Despite reports of resurgence of trade bickerings between the US and China, stock markets globally, including India, saw an upward movement. On Monday, the Nifty index rose 2.57 per cent or 246 points to close at 9,826. The Sensex rose 2.71 per cent or 879 points to close at 33,303 points.

Bulls seemed to have unlocked themselves in the domestic market. In just three trading sessions, the Nifty index has managed to gain nearly 1,000 points. The Bank Nifty index, which saw maximum pressure during May, witnessed a near 2,000-point rise in three trading sessions. The index gained 3.43 per cent or 662 points to close at 19,959. In the cash segment, Foreign portfolio investors (FPIs) made stock purchases worth ₹1,575 crore. Domestic institutions were net sellers to the tune of ₹459 crore.

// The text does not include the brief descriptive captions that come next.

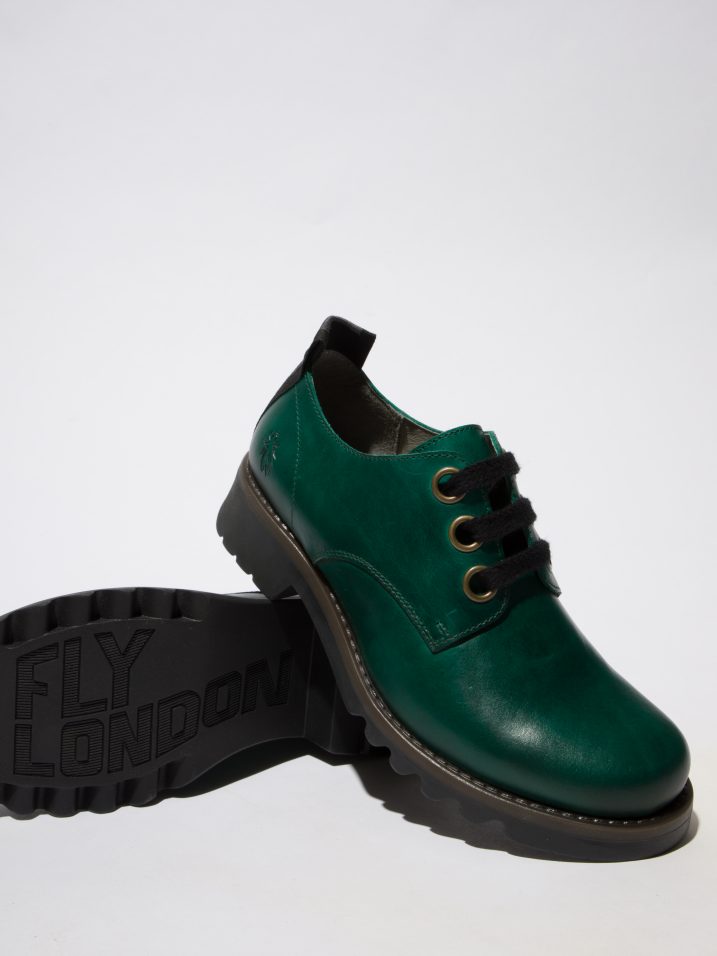 Fly London ‘Ruda’ Lace Up Leather Shoe - Shamrock Green – Ecolena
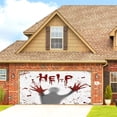 thumbnail image 2 of 6X13ft Halloween Garage Door Decorations Background Bloody Halloween Decorations Backdrop HELP Halloween Decorations Halloween Background Spooky Halloween Decor Indoor Outdoor Decor Banner Cover, 2 of 6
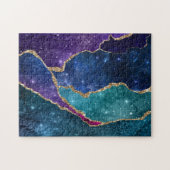 Blue Paars Aqua Gold Veins Agate Legpuzzel (Horizontaal)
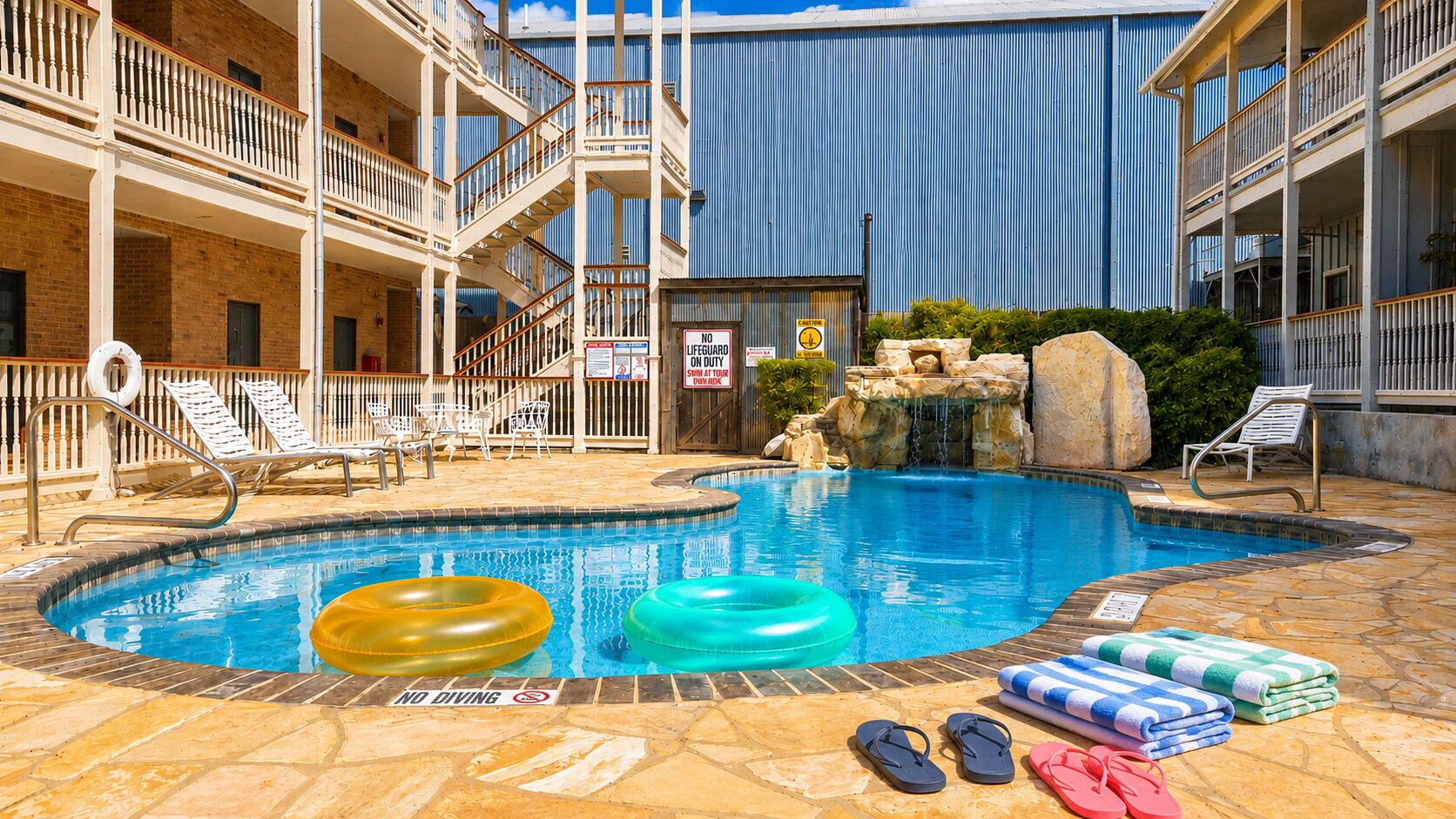An indoor swimming pool with lounge chairs, a no diving sign, and a lifeguard on duty sign.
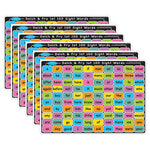 Ashley Productions Smart Poly Learning Mat, 12" x 17", Double-Sided, Sight Words 1st & 2nd 100, Pack of 6 (ASH95005-6)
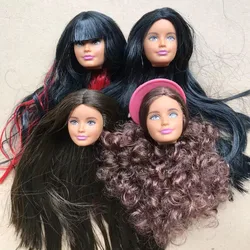 Original Doll Head Brown White Beige Skin Doll Heads Long Colorful Hair Doll Accessories Girl Collection Gift Toy Figures Heads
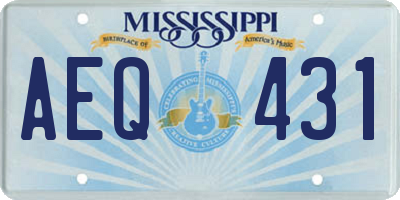 MS license plate AEQ431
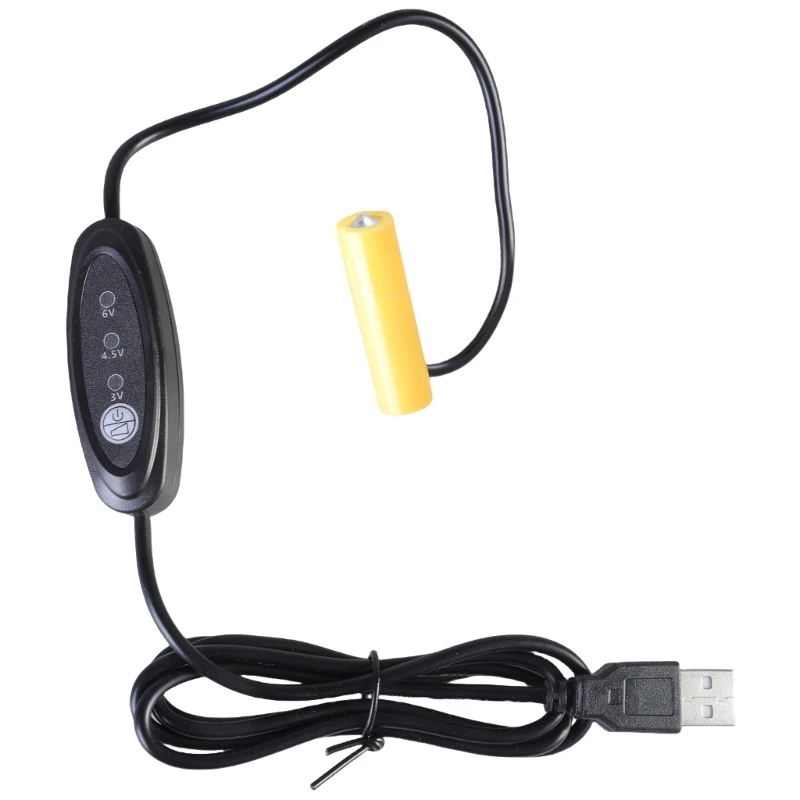 USB 5V 2A إلى 3V 4.5V 6V كابل تزويد الطاقة استبدال بطاريات AA LR6 لمروحة الساعات وعلى بعد عناصر التحكم K1KF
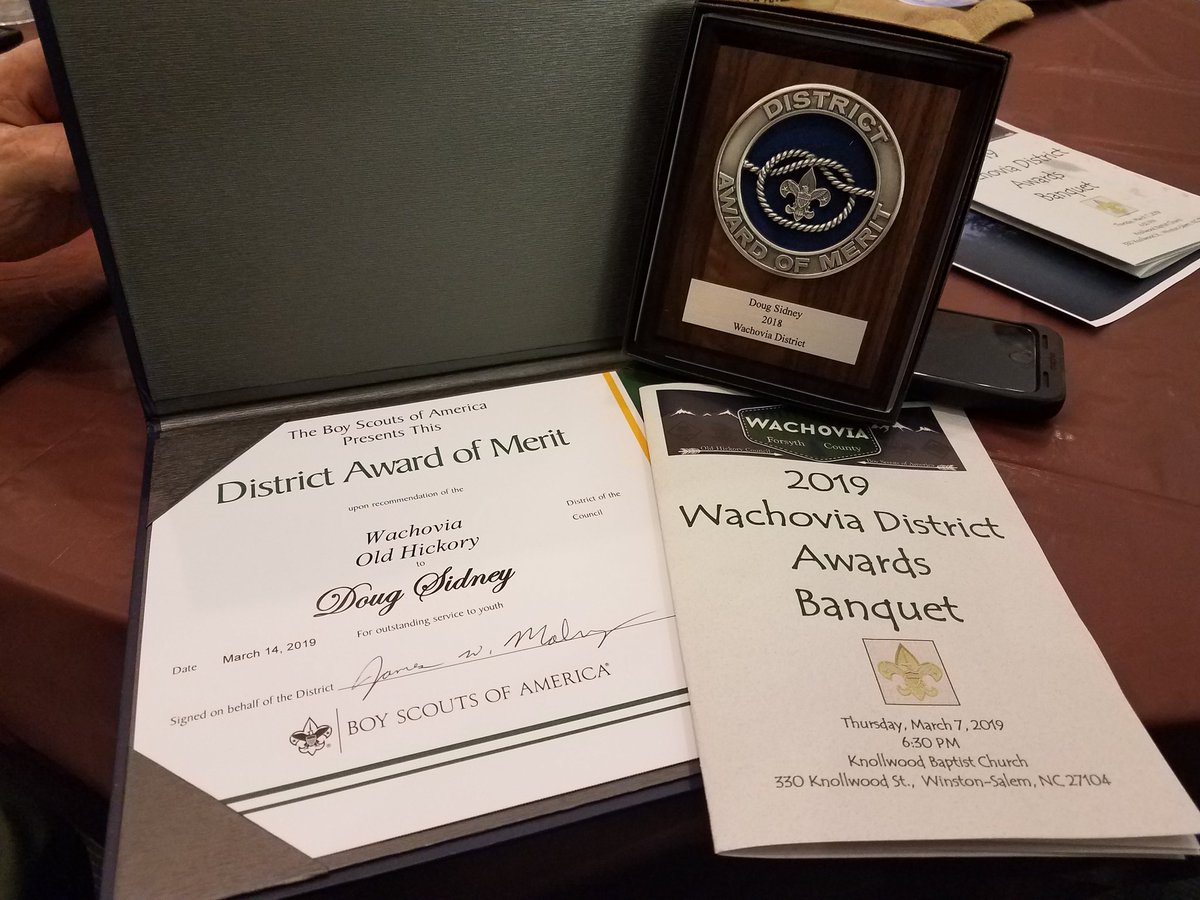 ReisingP's tweet photo. So proud of my dad, recipient of the Wachovia District Award of Merit #BSA2019 #scoutingbsa https://t.co/AZano6nlaY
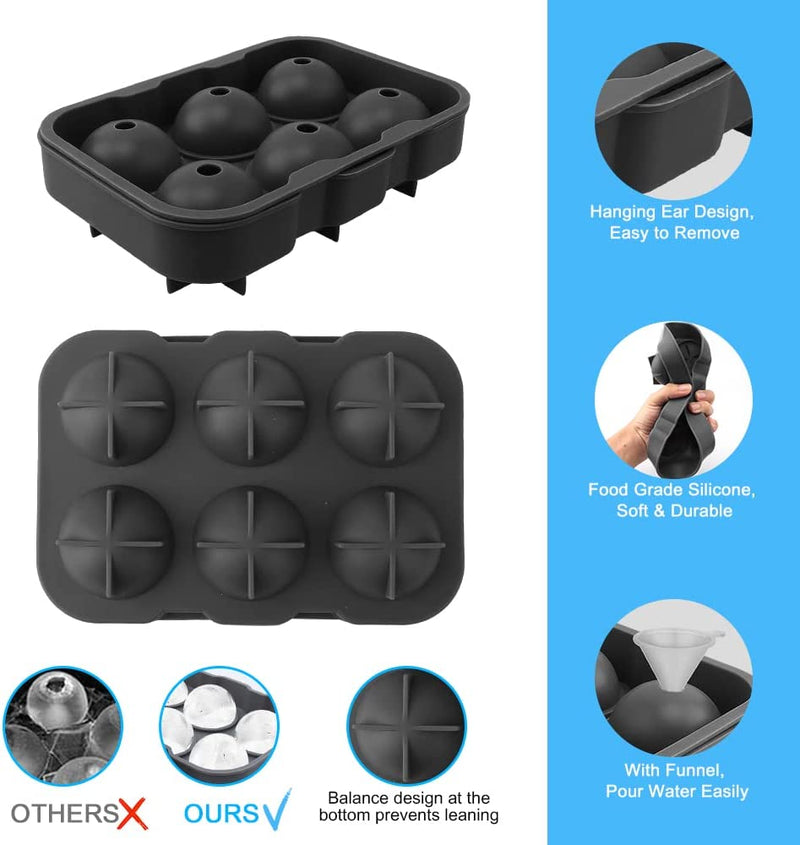 Silicone Ice Cube Trays round Ice Cube Mold Spheres Ice Ball Maker (6 round Ice Ball Black) Home & Garden > Kitchen & Dining > Barware DOXISHRUKY Lucky Shop1234   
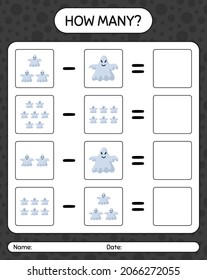 How many counting game with ghost. worksheet for preschool kids, kids activity sheet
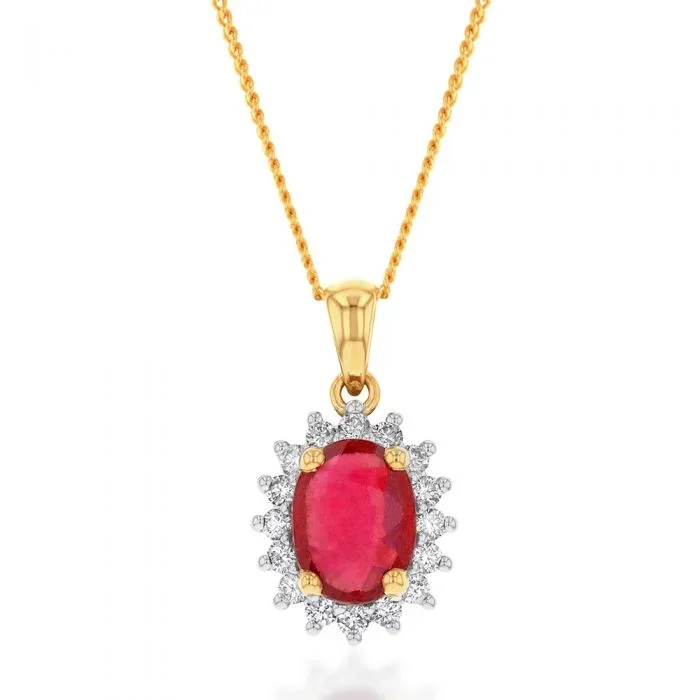 9ct Yellow Gold 1.60ct Natural Enhanced Ruby and Diamond Pendant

“The strategy should be to buy on dips,” said Shrikant Chouhan, Executive Vice-President, Equity Technical Research at Kotak Securities. “Technically, the market has managed to surpass the previous highest level of 9,889 which is positive for the market. On the other side, the Nifty’s earlier resistance levels 9,550/9,600 would act as a major support for the market,” he added.

Fund managers told BusinessLine that they were glued to the US markets after civil riots were reported across the country since Sunday, forcing President Donald Trump to take refuge in a bunker at the White House.

In less than six months, US is the third big country to have seen rioting on a large scale after streets turned bloody in India’s capital New Delhi and Hong Kong, and this is worrying pattern, a fund manager said.